Maybe try plugging in to a different input on your TV/Reciever.


----------



## sangs (Jan 1, 2003)

It's working now. I won't ask why, just glad it is.


----------



## rpiotro (Oct 20, 2005)

What I did.

http://www.tivocommunity.com/tivo-vb/showthread.php?t=534909

EDIT: Turns out my joy was premature.


----------



## SMDeasy (Jan 8, 2008)

I am also having the same issue with Netflix. It is fine on my mini and Premier. The bolt is on my main viewing TV though so this is a huge issue!


----------



## GoodSpike (Dec 17, 2001)

I was having the same issue on a brand new Bolt, both on Netflix and Amazon. 

What fixed it for me was calling tech support. As soon as I got him on the line and then went to Amazon it worked fine! Sort of like when you take your car to the mechanic. 

FWIW, he suggested unplugging the HDMI cable as a possible fix, but since it started working I didn't try that.


----------



## jcthorne (Jan 28, 2002)

sangs said:


> Netflix had been working perfectly the last few days. Today, after the new update, whenever I go to watch anything on Netflix, I get a bright red screen. I can navigate the menus and settings just fine, but when I press play on an episode, I get red screen with no sound. Doesn't matter what I choose to watch. Anybody else getting this? And this is a different issue from the "Netflix Hangs on Exit" thread that was posted previously.

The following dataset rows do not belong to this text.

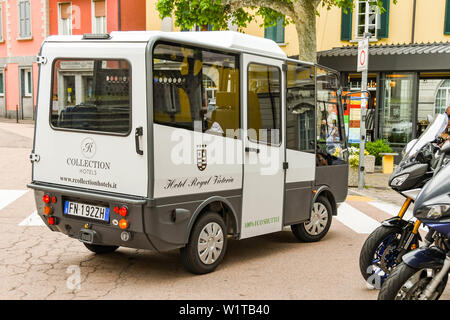 VARENNA, Comer See, Italien - JUNI 2019: Kleine elektrische Shuttlebus für Gäste des Hotel Royal Victoria in Varenna am Comer See, Italien. Stockfoto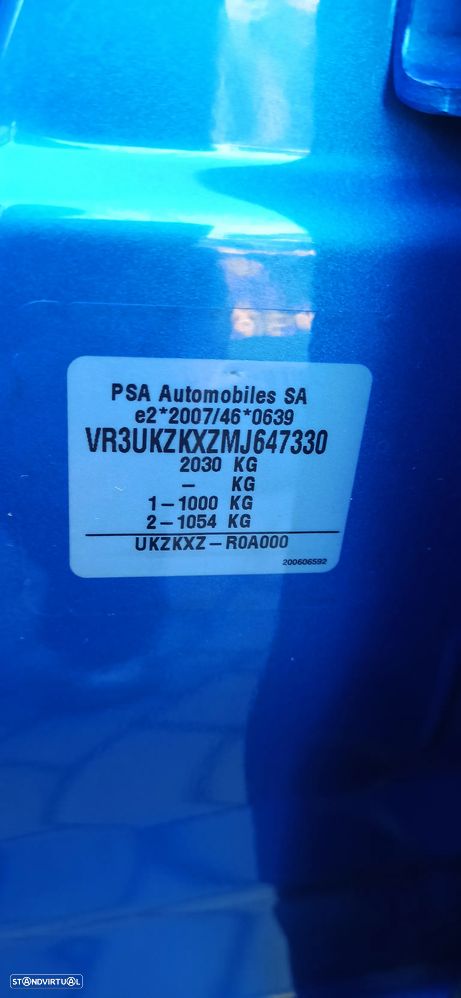 Peugeot e-2008 GT Pack - 6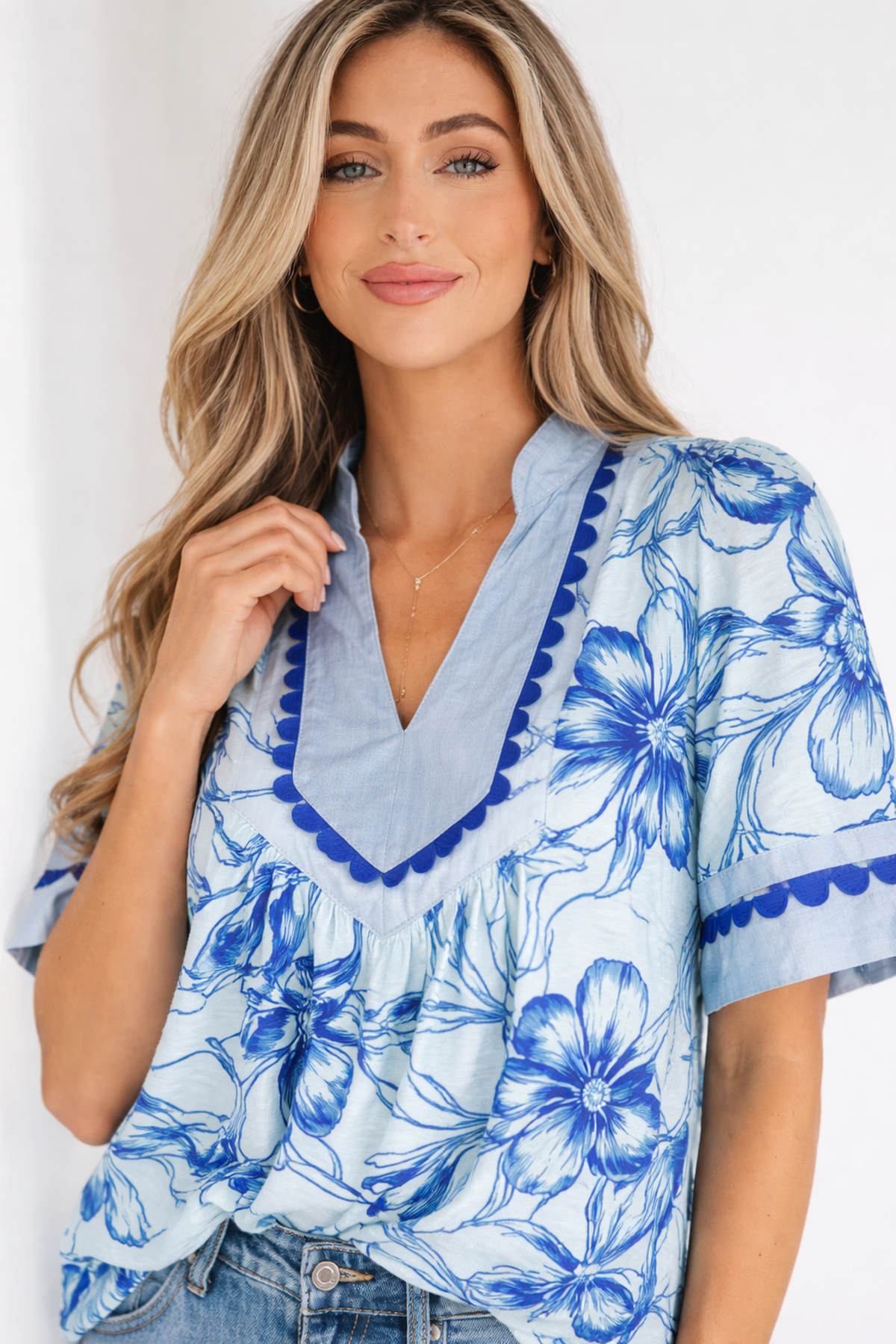 Threaded Pear Elowen Short Sleeve Floral Blouse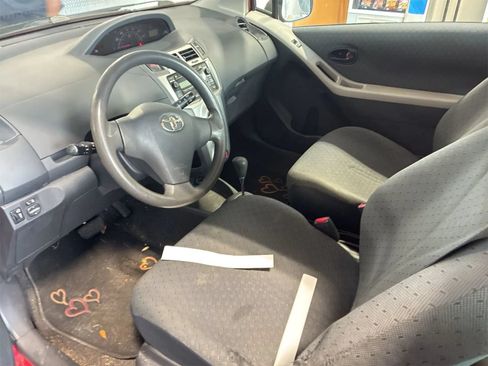 Used 2011 Toyota Yaris 2-Door Hatchback w/ PWR Pkg w/Steel Wheels FWD image 3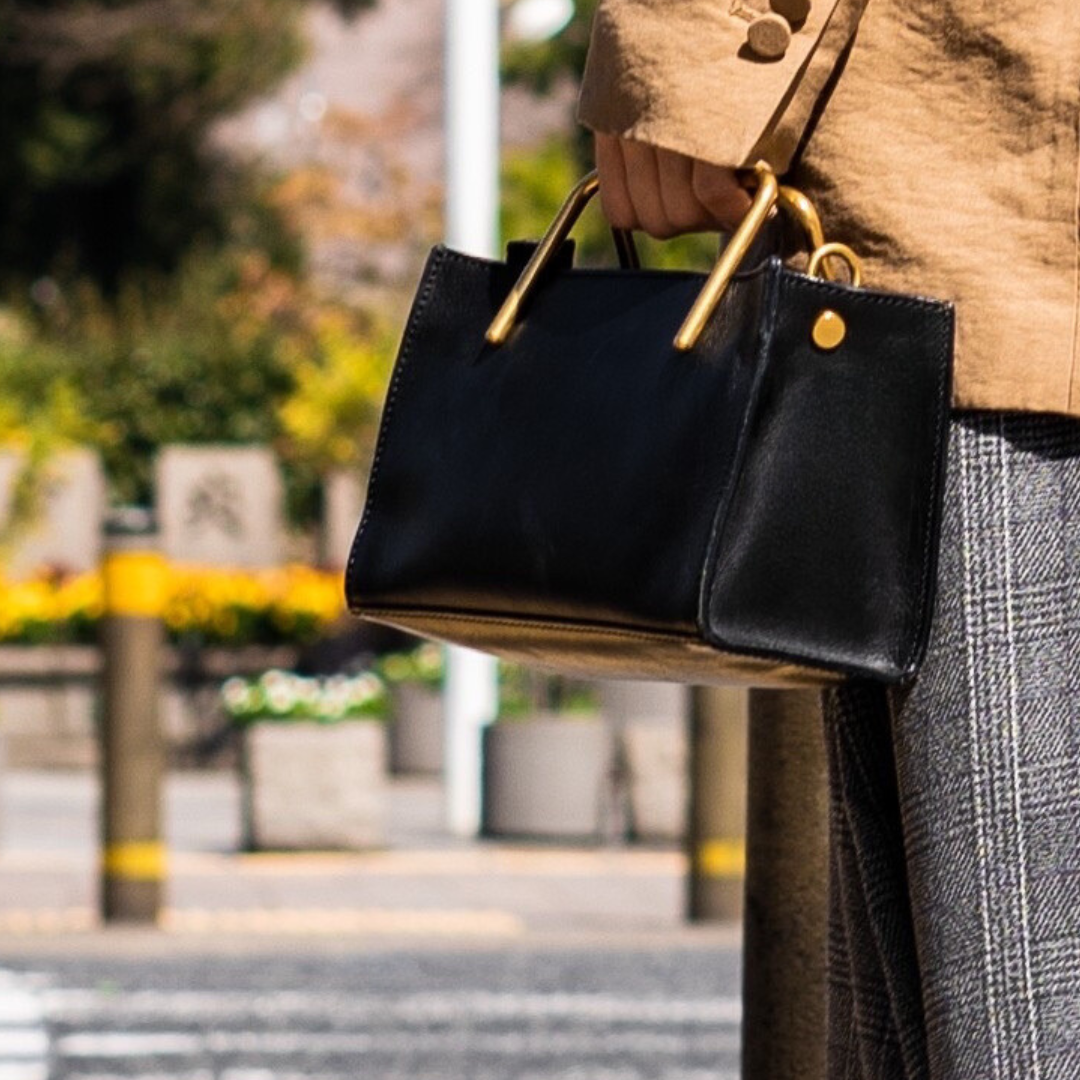 すぐ届く】Black | Wallet gold handle bag – EMMA AURA すぐ届く】Black | Wallet gold handle bag – EMMA AURA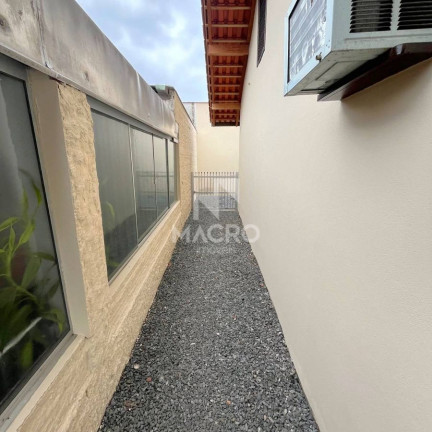 Imagem Casa com 3 Quartos à Venda, 132 m² em Centro - Jaraguá Do Sul Imagem Casa com 3 Quartos à Venda, 132 m² em Centro - Jaraguá Do Sul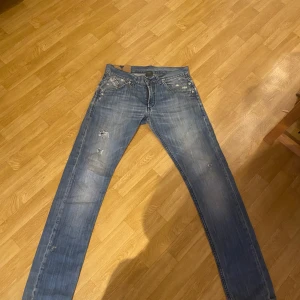Dondup jeans  - Tja säljer mina dondup jeans där av att dom är försmå dom har en liten defekt som du ser på bild 3 men inget man märker av där av att det går in i designen annars är skicket top bara att höra av sig vid minsta lilla fundering 🤗!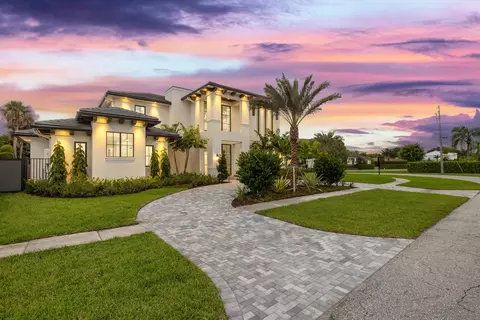 11721 Lake Shr, North Palm Beach, FL 33408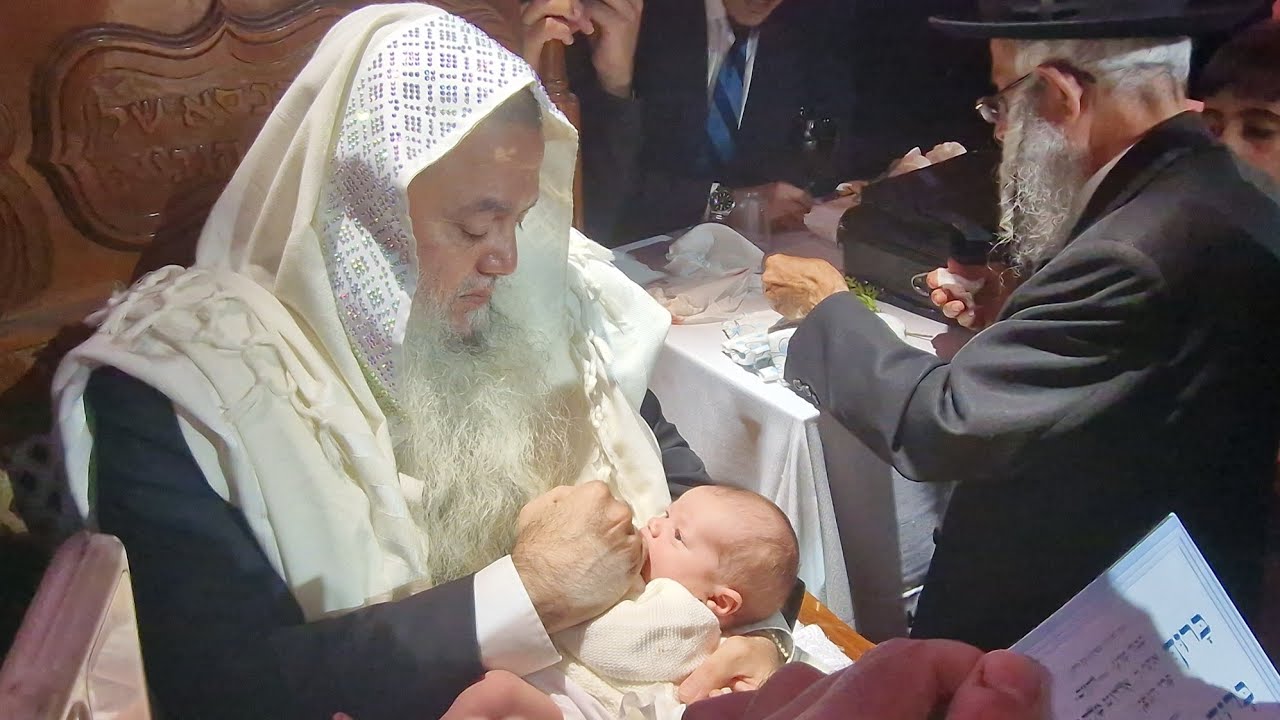 הרב יגאל כהן סנדק בברית של נכדו - יגאל שלמה בן הרב נריה ברבי (ניתן לברך בתגובות)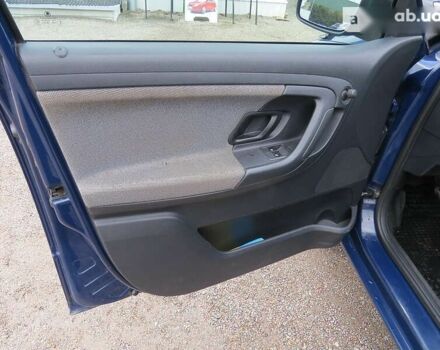 Шкода Фабія, об'ємом двигуна 0 л та пробігом 212 тис. км за 5600 $, фото 4 на Automoto.ua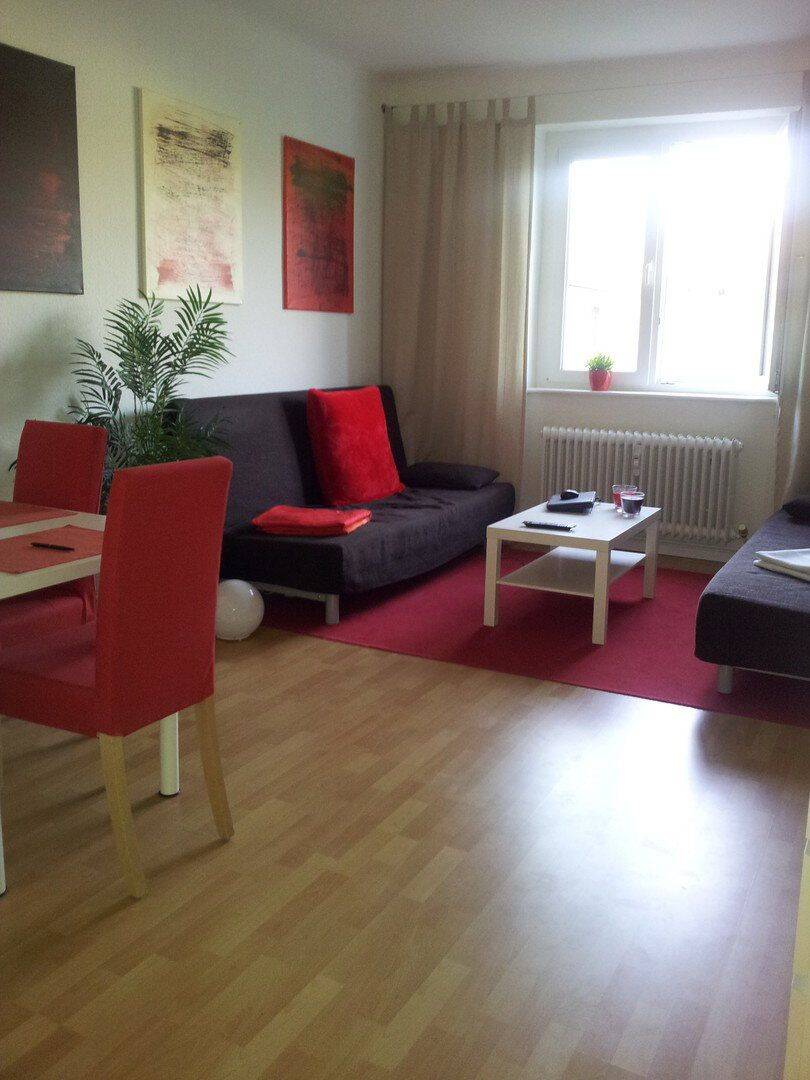 Mehrfamilienhaus -9 Eigentumswohnungen – top Lage, 4,6% Ist-Rendite – provisionsfrei + Dachrohling, 13407 Berlin (Reinickendorf)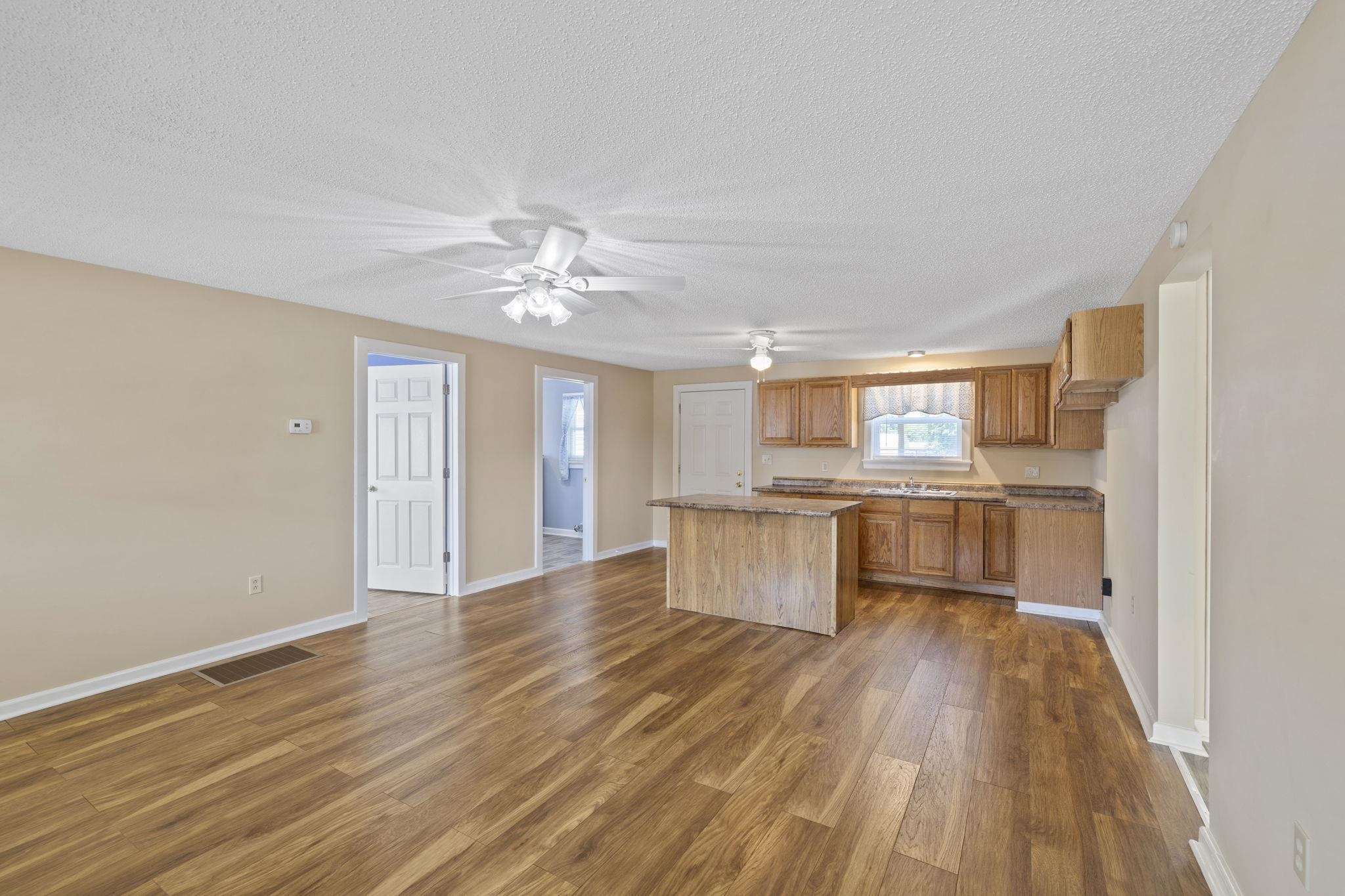 339422 Property Photo 15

Exactly same behavior mine is doing. I fixed the hang on exit with instructions from Margaret but this is entirely different. I ran through her instructions for reloading Netflix again but it did not help.


----------



## sangs (Jan 1, 2003)

I've disconnected and reconnected HDMI cables, even used a new HDMI cable and this annoying red screen continues to happen. For whatever reason though, when I turn off the TV and turn it back on, it clears up. And this ONLY happens with Netflix. PITA.


----------



## drooplug (Dec 6, 2015)

We tried Netflix with no success last night as well. When we selected a show to play, it brought up the menu for that show and without any input from us, the red Netflix screen was displayed and then it went blank.


----------



## avg99 (Apr 13, 2002)

I had the same problem with Netflix and Amazon after the update. You could see the menus but once you selected a video it would play for a second and go to a red screen. When I set my bolt to auto detect my video connection to the TV 1080p. Netflix and Amazon started working again. If I try to reenable video 1080 P/24 pass through Netflix and Amazon fail again. So this might be another temporary fix until they send out an fix.


----------



## rpiotro (Oct 20, 2005)

Maybe read the relevant thread already started?

http://www.tivocommunity.com/tivo-vb/showthread.php?t=534909


----------



## apw2607 (Nov 17, 2012)

avg99 said:


> I had the same problem with Netflix and Amazon after the update. You could see the menus but once you selected a video it would play for a second and go to a red screen. When I set my bolt to auto detect my video connection to the TV 1080p. Netflix and Amazon started working again. If I try to reenable video 1080 P/24 pass through Netflix and Amazon fail again. So this might be another temporary fix until they send out an fix.


Yes. What you describe is exactly what ive found. This is with amazon. Its the 1080p/24 thats broken this. You can kind of geting it working again if you turn off and then on either the tv or a AVR if its in the chain ... But its only a temporary fix and the issue comes back again.

Only if you deselect 1080p/24 entirely can you reliably stream again.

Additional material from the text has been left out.